Job here seems like a big picture guy. He seems to realize his place in the grandest scheme of things. He recognizes several things. Life isn't that long. Life is already hard enough. Death is permanent.
Why would God consider Job to mess with him? Job is very near nailing it here. God has allowed Satan to mess with him. Job, in his uprightness, has become the target. Job was the squeaky wheel in a sense. Job stood out in his righteousness. He seemed to catch special attention from God because of this. Which is a paradigm shift from what we typically think of God. What we stereotypically think of God. Do we not have the impression that it is our good deeds that bring about God's blessing? Reward, right?
But God was not impressed by Job, I don't think. Nothing Job could have done would have impressed God. That would have been an emphasis on Job's own works, rather than God's choosing to bless Job. In the same way, God chose to upset Job's apple cart.

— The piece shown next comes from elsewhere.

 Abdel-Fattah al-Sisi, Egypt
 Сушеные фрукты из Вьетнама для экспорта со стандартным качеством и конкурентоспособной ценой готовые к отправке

In all of Job's worrying about losing his integrity, he holds nothing back here. He is real before God, masking nothing. He doesn't claim to know what God is doing. He doesn't offer to explain it away. He doesn't seem to care about masking his anguish with a facade of stoicism. In realizing his own ignorance, Job maintains his integrity. Is Job whining? I could see an argument in that with some of the words recorded here. Without knowing Job's predicament, one could tack a sense of "stop picking on me" to his emoting. But Job didn't care how he looked before his friends, and before his God, and that's pretty heroic to me.